B. If you love those who love you, what is so special about that?

1. Corrie Ten Boom shares this true story in her book, The Hiding Place: It was a church service in Munich that I saw him, the former S.S. man who had stood guard at the shower room door in the processing center at Ravensbruck. He was the first of our actual jailers that I had seen since that time. And suddenly it was all there -- the roomful of mocking men, the heaps of clothing, Betsie’s pain-blanched face. He came up to me as the church was emptying, beaming and bowing. "How grateful I am for your message, Fraulein," he said. "To think that, as you say, He has washed my sins away!" His hand was thrust out to shake mine. And I, who had preached so often to the people in Bloemendaal the need to forgive, kept my hand at my side. Even as the angry, vengeful thoughts boiled through me, I saw the sin of them. Jesus Christ had died for this man; was I going to ask for more? Lord Jesus, I prayed, forgive me and help me to forgive him. I tried to smile, I struggled to raise my hand. I could not. I felt nothing, not the slightest spark of warmth or charity. And so again I breathed a silent prayer. Jesus, I cannot forgive him. Give me Your forgiveness. As I took his hand the most incredible thing happened. From my shoulder along my arm and through my hand a current seemed to pass from me to him, while into my heart sprang a love for this stranger that almost overwhelmed me. And so I discovered that it is not on our forgiveness any more than on our goodness that the world’s healing hinges, but on His. When He tells us to love our enemies, He gives, along with the command, the love itself.

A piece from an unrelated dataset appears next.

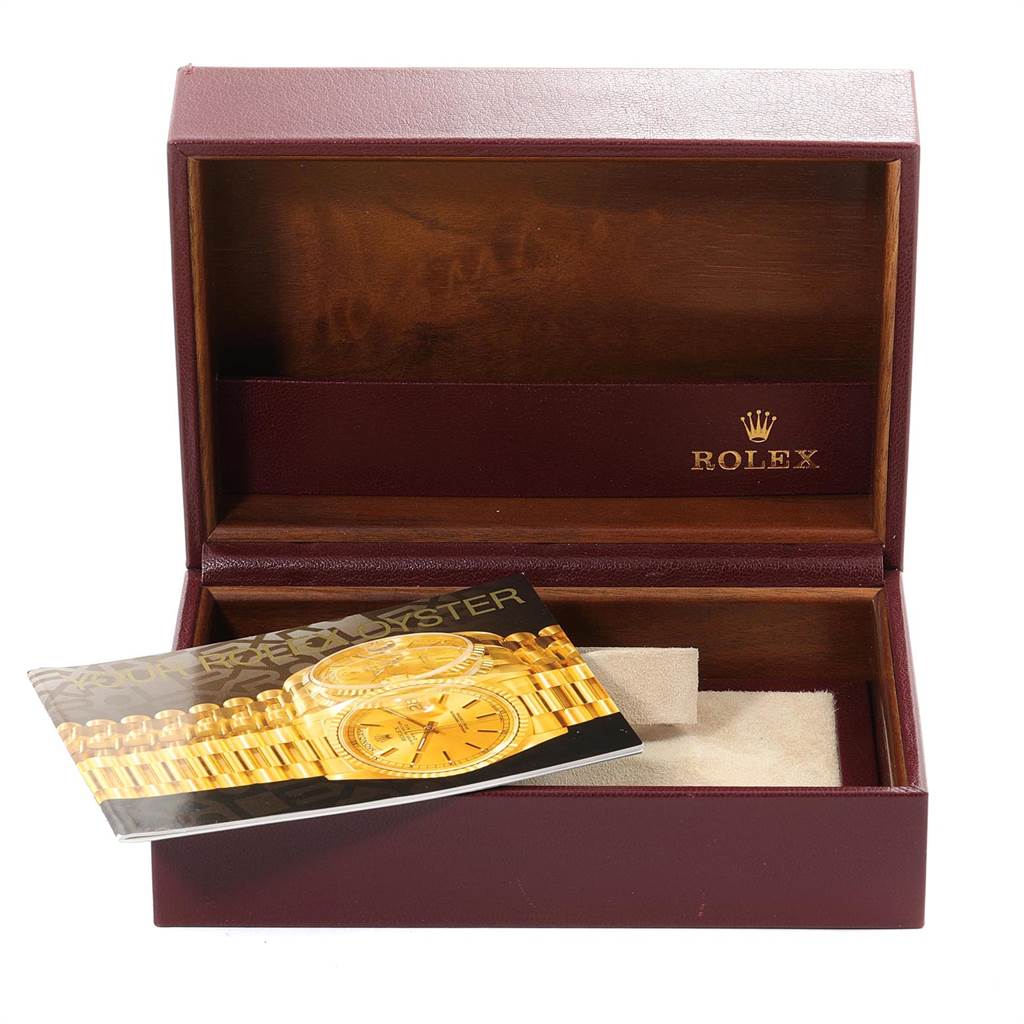 This image shows an open Rolex watch box for the President model, with a booklet inside while the watch is absent.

C. If you don’t love your enemies, then you are no different than the world. V. 47

1. In the days of the American Revolutionary War there lived at F FRATA, Pennsylvania, a Baptist pastor by the name of Peter Miller who enjoyed the friendship of General Washington. There also dwelt in that town one Michael Wittman, an evil-minded man who did all in his power to abuse and oppose this pastor. One day Michael Wittman was involved in treason and was arrested and sentenced to death. The old preacher started out on foot and walked the whole seventy miles to Philadelphia to plead for this man’s life. He was admitted into Washington’s presence and at once begged for the life of the traitor. Washington said, "No, Peter, I cannot grant you the life of your friend." The preacher exclaimed, "My friend, he is the bitterest enemy I have." Washington cried, "What? You’ve walked seventy miles to save the life of an enemy? That puts the matter in a different light. I will grant the pardon." And he did. And Peter Miller took Michael Wittman from the very shadow of death back to his own home in Ephrata -- no longer as an enemy, but as a friend.

 The Grace of Giving, by Stephen Olford

CONCLUSION

1. READ VERSE 48.

2. Maturity. This is the aim.

3. We are not called to live on the same level as the world. Christians are called to live on a level that is not only higher, but impossible.

The point of what Jesus is saying is that we must live by the power of God. He is asking us to do things that in our own strength we cannot do.

The only possible way to truly love our enemies is to live by the power of God. He is calling us to submit our weaknesses to him and allow Him to pour His strength into us. When we are weak, He is strong!

People are unreasonable, illogical and self-centered.

Love them anyway.

If you do good, people will accuse you of selfish ulterior

motives.

Do good anyway.

If you are successful, you will win false friends and true

enemies.

Succeed anyway.

Honesty and frankness make you vulnerable.

Be honest and frank anyway.

The good you do today will be forgotten tomorrow.

Do good anyway.

The biggest people with the biggest ideas can be shot down by the

smallest people with the smallest pride.

Think big anyway.

People favor underdogs but follow only top dogs.

Fight for some underdogs anyway.

What you spent years building may be destroyed overnight.

Build anyway.

Give the world the best you have and you’ll get kicked in the

teeth.

Give the world the best you’ve got anyway!